A student in the Northshore School District (NSD) recently posted a threatening photo to social media that was, seemingly, directed toward the Muslim families in the district.
An email from NSD superintendent Dr. Michelle Reid was sent out to parents and families the night of April 24.
According to the email, the post has been removed from social media.
“The post was hateful and offensive, and our administrative team has taken immediate action. As we take these threats seriously, we have contacted the local authorities and filed a police report,” Reid said in the email. “In addition, we have contacted the family of the student and the image has been removed. We reported the post to the social media platform as hate speech.”
Reid assured the email recipients that the district is taking appropriate action and the student will not return to campus until a full investigation is completed.

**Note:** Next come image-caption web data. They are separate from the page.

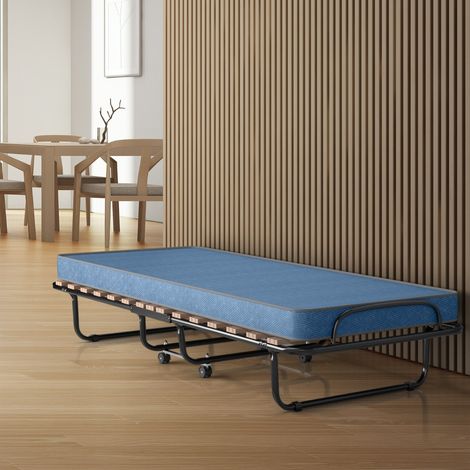 Lit Pliant sur Roulettes 190 x 80 x 33 CM Lit d'Appoint avec Matelas en Mousse 6,5 CM pour Maison et Bureau Noir+Bleu CW3585 Maison Chic (1/3)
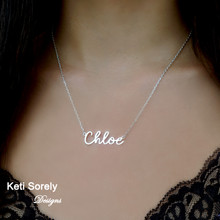 Personalized Hand Cut Name Necklace (Chloe Style) - Choose Your Metal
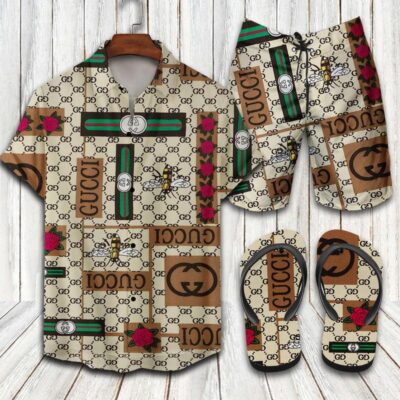 Gucci Flip Flops And Combo Hawaii Shirt Shorts Luxury Brand Summer Outfit HSF265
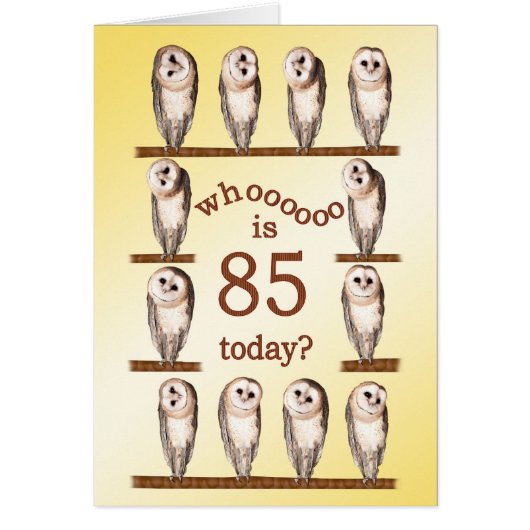 85th birthday, Curious owls card. Cards (Front)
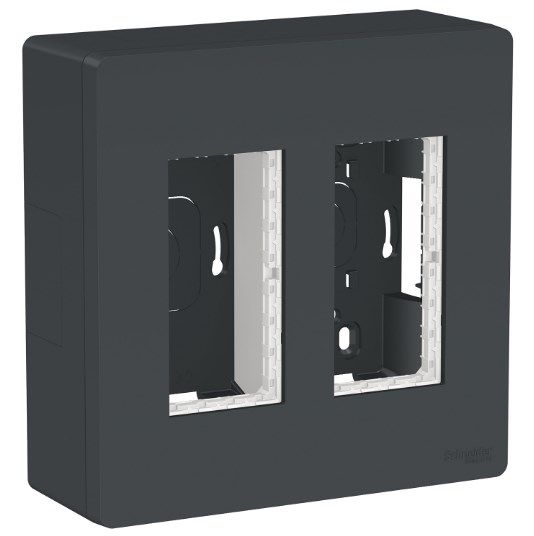 Блок unica system + открытая установка 2х4 Антрацит NU122454 Schneider Electric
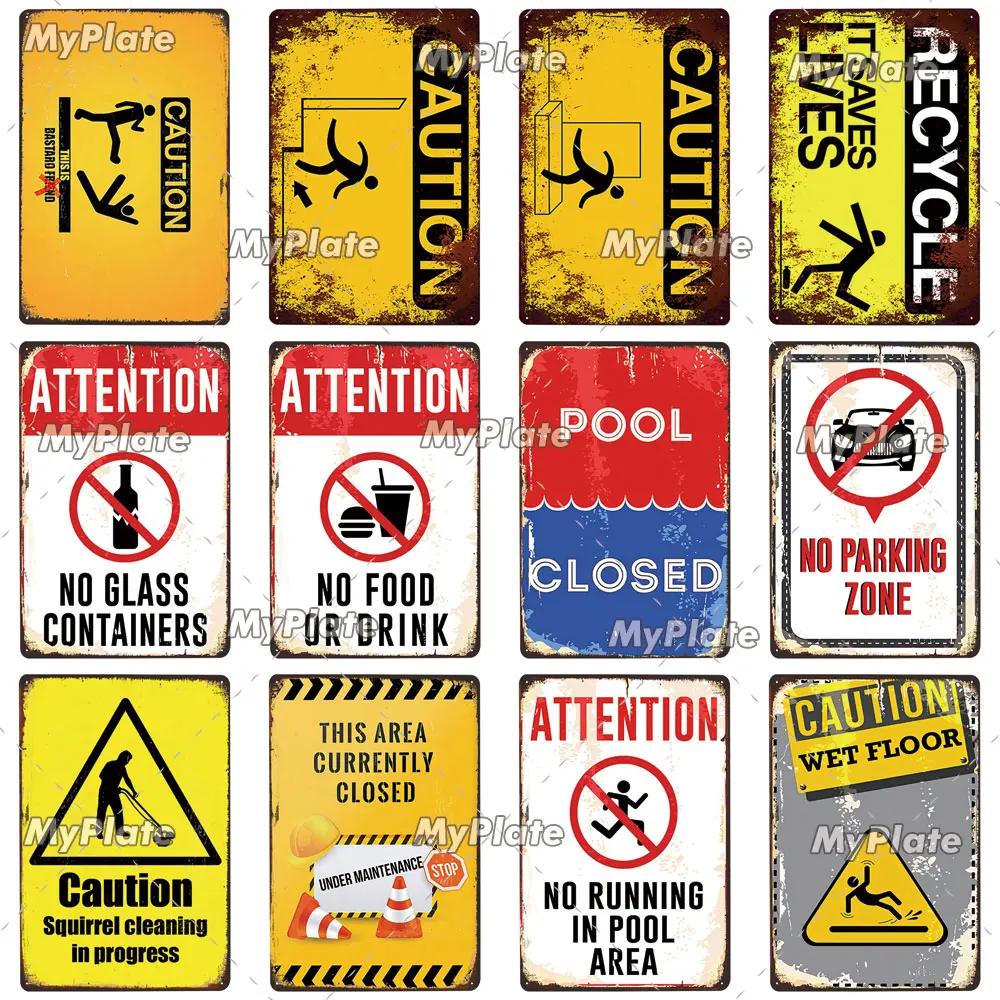 ATTENTION Sign Vintage Metal Sign Tin Sign Vintage  Decoration Plaque Home Wall Decor Bar Sign Home Decor Poster Custom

Reid also wrote that she was saddened to have to repeat that hate speech and actions will not be tolerated in the district.
“There is simply no place for it,” she wrote in the email. “And if it occurs, we will respond accordingly.”
Reid told families that the district wants to be a place where every member of the community feels safe, respected and welcome.
“We value each of our students, our families, our staff, and community members. I want to send my deepest regrets to our Muslim families as this incident does not represent our values and beliefs as a school district,” she wrote.
To learn more about the district’s policies regarding harassment, intimidation and bullying, visit the district website.
A copy of Reid’s email was posted to the closed NSD Discussion Group on Facebook, on which several NSD parents and families commented.
Maha Yehia, a Bothell resident said she believes the incident should be addressed in a different way.
“As a [Muslim woman], reading this email, I felt like this incident should be addressed in a different way. After all, this is a kid who has the wrong ideas and thoughts. [They] shouldn’t be punished, [they] should be taught and corrected,” she wrote on the Facebook page. “Punishment will make [them] more angry and more convicted that [they] are right.”
Yehia said she recommends the student meet some Muslim families or even spend a day with them and/or the student and their family visit a mosque as part of a correction act.
The Reporter reached out to the communications department for the district, but was unable to obtain any additional information.